── DATA EXTRACT
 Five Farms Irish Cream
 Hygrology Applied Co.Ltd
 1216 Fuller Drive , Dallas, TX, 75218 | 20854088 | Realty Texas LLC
────
*EXERCISE INSTRUCTIONS*
Every line above has to be restated word for word.

*SOLUTION TO THIS TASK*
 Five Farms Irish Cream
 Hygrology Applied Co.Ltd
 1216 Fuller Drive , Dallas, TX, 75218 | 20854088 | Realty Texas LLC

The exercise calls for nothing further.